The diffusion model, a new generative modeling paradigm, has achieved significant success in generating images, audio, video, and text. It has been adapted for sequence-to-sequence text generation (Seq2Seq) through DiffuSeq, termed S2S Diffusion. Existing S2S-Diffusion models predominantly rely on fixed or hand-crafted rules to schedule noise during the diffusion and denoising processes. However, these models are limited by non-contextualized noise, which fails to fully consider the characteristics of Seq2Seq tasks. In this paper, we propose the Meta-DiffuB framework - a novel scheduler-exploiter S2S-Diffusion paradigm designed to overcome the limitations of existing S2S-Diffusion models. We employ Meta-Exploration to train an additional scheduler model dedicated to scheduling contextualized noise for each sentence. Our exploiter model, an S2S-Diffusion model, leverages the noise scheduled by our scheduler model for updating and generation. Meta-DiffuB achieves state-of-the-art performance compared to previous S2S-Diffusion models and fine-tuned pre-trained language models (PLMs) across four Seq2Seq benchmark datasets.
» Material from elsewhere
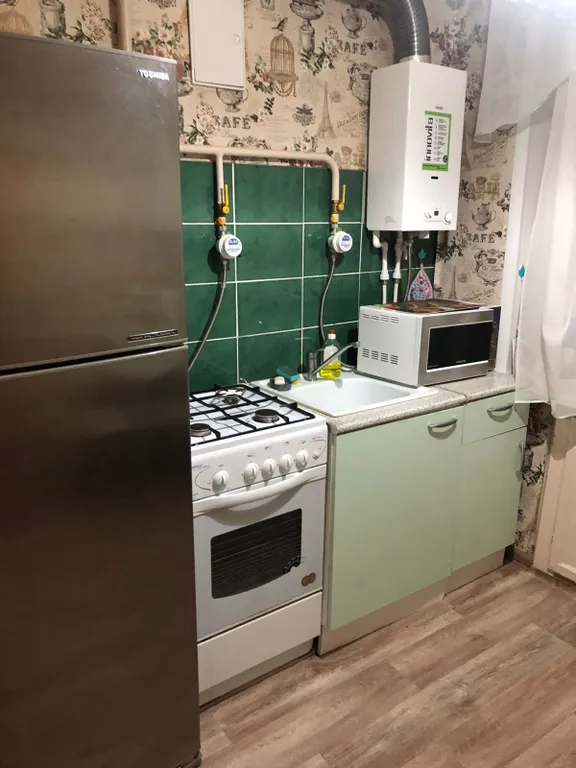 Квартира у сквера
We further investigate and visualize the impact of Meta-DiffuB's noise scheduling on the generation of sentences with varying difficulties. Additionally, our scheduler model can function as a "plug-and-play" model to enhance DiffuSeq without the need for fine-tuning during the inference stage.

Paper Structure

This paper contains 37 sections, 7 equations, 4 figures, 13 tables, 1 algorithm.

Figures (4)

  • Figure 1: Comparison between S2S-Diffusion model (i.e., DiffuSeq 2022diffusionlm2022) and the proposed Meta-Diffu$B$. The shades of color represent different amounts of noise being imposed. Different from prior works that use a fixed noise, we introduce a novel scheduler-exploiter framework, Meta-Diffu$B$, which achieves trainable noise scheduling inspired by Meta Exploration. Our scheduler model schedules contextualized noise, enhancing the training and generation of the S2S-Diffusion model, resulting in state-of-the-art (SOTA) performance compared to previous S2S-Diffusion models, as detailed in Section \ref{['sec: Experimental']}.
  • Figure 2: Increase in BLEU score with varying candidate sizes $|S|$ on the QQP and WA datasets.
  • Figure 3: Visualization of noise scheduling for each S2S-Diffusion model on the QQP and WA datasets. $\overline{\beta}_t$ represents the average noise imposed on sentences at diffusion step $t$. Unlike other models, which impose the same noise on all sentences, our Meta-Diffu$B$ ($D_\theta$ = DiffuSeq) varies the noise levels.
  • Figure 4: Adaptive noise scheduling for each S2S-Diffusion model on the QQP and WA datasets. $\Sigma \boldsymbol{\beta}$ represents the total amount of noise imposed in each training epoch.